Reaching my goals in the corporate world has allowed me the freedom to start building something I have a significant passion for: flat track. I have the support of my family, and I have surrounded myself with an incredible group of people.
When I looked at 2019, I asked, "What do I want, and who do I want to represent?" I made this decision to help the longevity of flat track, to work with American Flat Track and its CEO, Michael Lock, saying, "We need brand recognition."
My roots are with Yamaha. We can't have just Indian and Harley-Davidson out there. This is my way of saying, "I am a passionate Yamaha guy, and I believe we can get this engine and frame and suspension to a place where we can be competitive."
I want to make Yamaha a recognizable product in flat track. I want a Yamaha to win a Grand National championship race, which hasn't happened since the 1981 Peoria TT. My next goal is to win a Grand National championship on a Yamaha product.
When I raced as a kid, I would only accept winning. I played hockey as a kid, and I would only accept winning. When I went into the business world, I wanted to succeed. And now I'm driving this. I believe you will see some excitement this year.
Going into this year, having a five-rider team, I simply didn't know what I didn't know. What I clearly didn't know was the amount of work it was going to be to go from two riders to five. I was very fortunate to be able to partner with Tommy Hayden.
Tommy is our director of racing operations. He is ultimately in charge of everything you see: setup at the track, rider discipline and training, working with engine builders, frame builders, and suspension companies.
JD Beach rode my bike at the last couple of races in 2018—Minneapolis and New Jersey. He got on a dirt-track bike maybe one or two races a year, and he generally made the main and finished toward the front. That is extraordinary.
I was serious to see if JD would want to transition to full-time flat track. He was torn. His heart is in roadracing—it has been for most of his career—but his roots are dirt. He was looking for a Superbike ride, and I started thinking about that more.
Understanding the love a rider has for a certain discipline—in this case, Superbike—I started thinking, "How great would it be if I could help him fulfill both dreams?" There are four conflicting races. We're going to make the decisions race by race.
Dallas Daniels is with Estenson Racing for the next couple of years. He's doing the MotoAmerica Junior Cup again this year. At Road Atlanta, he did back-to-back seconds. There is another kid on both sides: He loves dirt. He loves roadracing.
Right now, Dallas is leaning toward the dirt, but I am going to support him in whatever direction he chooses to go. He will turn 16 in June, so he will be able to get his professional license. His first national flat-track race will be the Lima Half-Mile.
Even though we are on the racetrack, we are in the people business. We can drive that culture in an environment that is going to empower each person to be the best they can be. We are building a really strong team, and I am confident the wins are going to come.
My wife, Traci, is very involved from the people side of this business and working with the riders, driving toward education. There is life after racing, so we want to make sure of that, especially with the younger folks.

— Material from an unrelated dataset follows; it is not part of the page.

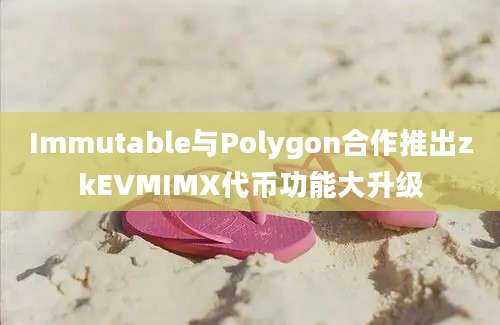 Immutable与Polygon合作推出zkEVMIMX代币功能大升级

I believe flat track is going to continue to grow. I hope other OEMs jump on board. I believe in what everyone is seeing, this tenfold growth year over year, with the hopes of going to live TV for a certain number of races next year with NBC Sports Network.
A stadium type of program is so easy to watch, very engaging and educating. We've got to have the couch warriors, saying, "Hey, I know something about flat track. Now I am telling my neighbors."
Really, what we have to do is educate. That is the main thing. We have to somehow get the word out and get young kids going. Get them off the keyboard at home and say, "Let's go in the backyard and ride a minibike."